**YOUR TASK**
In the records below, find the line that contains "Impulse Volta Boardroom" and the line that contains "Чехол iPhone XS"; write out exactly those two lines and everything between them, without the pictures.

**DATA PROVIDED**
· · ·

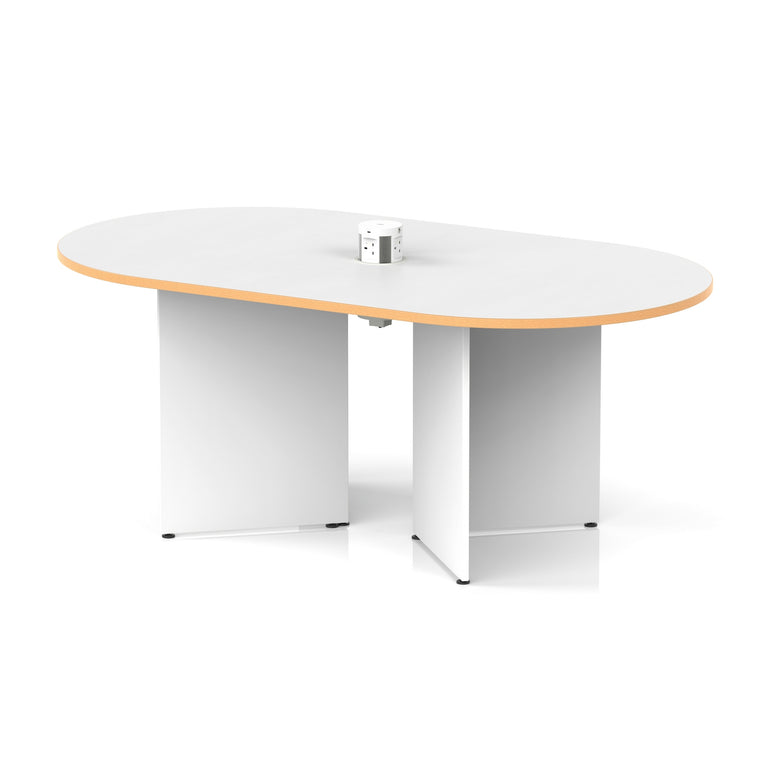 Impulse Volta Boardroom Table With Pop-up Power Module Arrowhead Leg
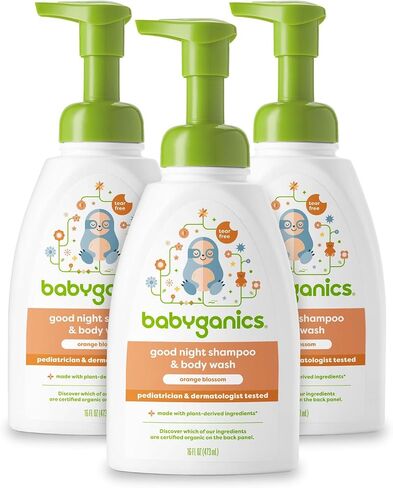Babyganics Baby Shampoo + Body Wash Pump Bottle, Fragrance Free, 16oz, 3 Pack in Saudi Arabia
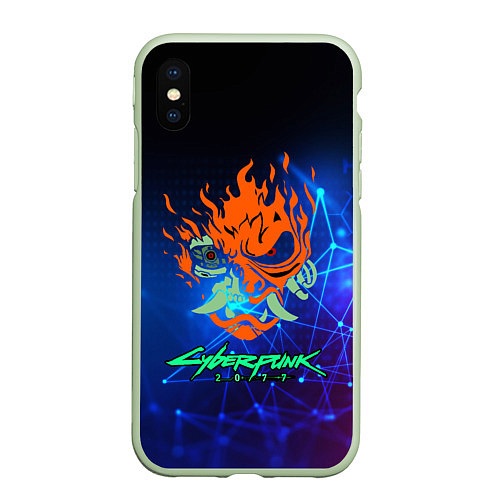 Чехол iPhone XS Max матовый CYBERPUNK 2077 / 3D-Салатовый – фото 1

· · ·

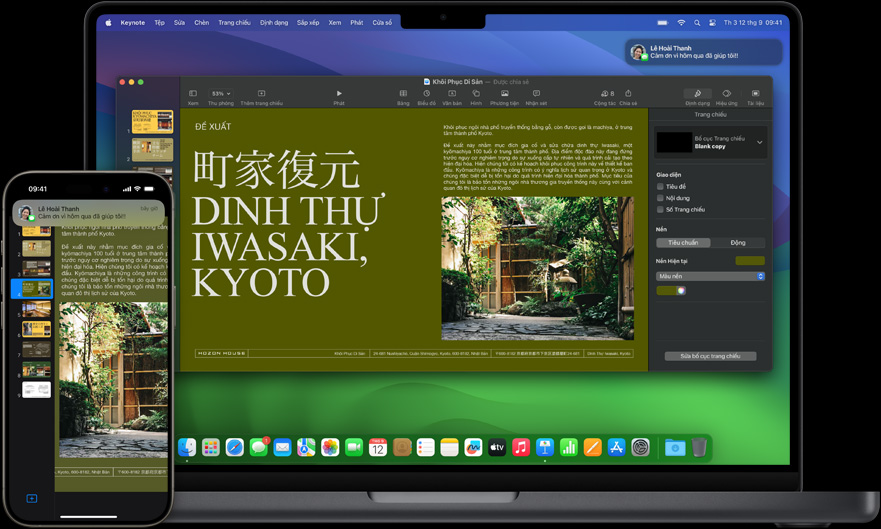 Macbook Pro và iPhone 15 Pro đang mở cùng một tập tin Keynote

· · ·

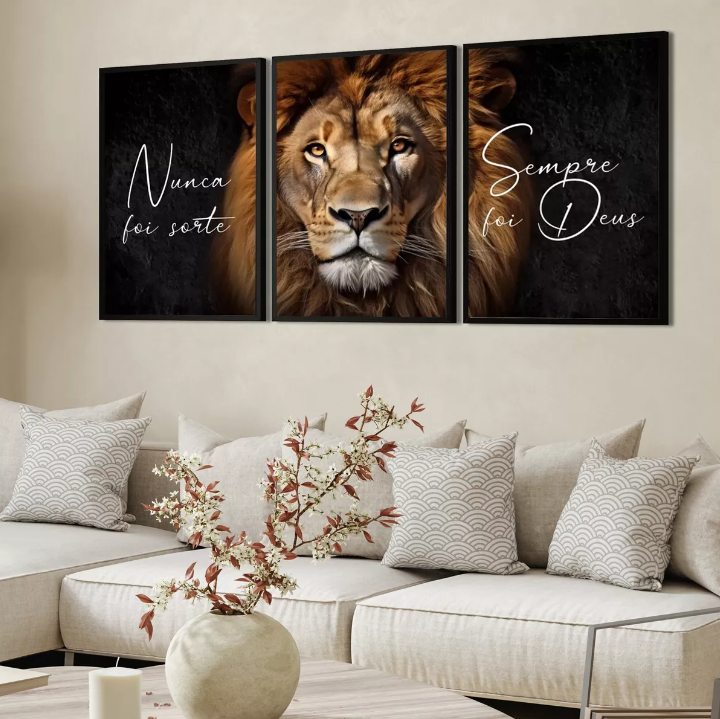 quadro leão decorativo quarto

· · ·

**EXERCISE ANSWER**
 Impulse Volta Boardroom Table With Pop-up Power Module Arrowhead Leg
Babyganics Baby Shampoo + Body Wash Pump Bottle, Fragrance Free, 16oz, 3 Pack in Saudi Arabia
 Чехол iPhone XS Max матовый CYBERPUNK 2077 / 3D-Салатовый – фото 1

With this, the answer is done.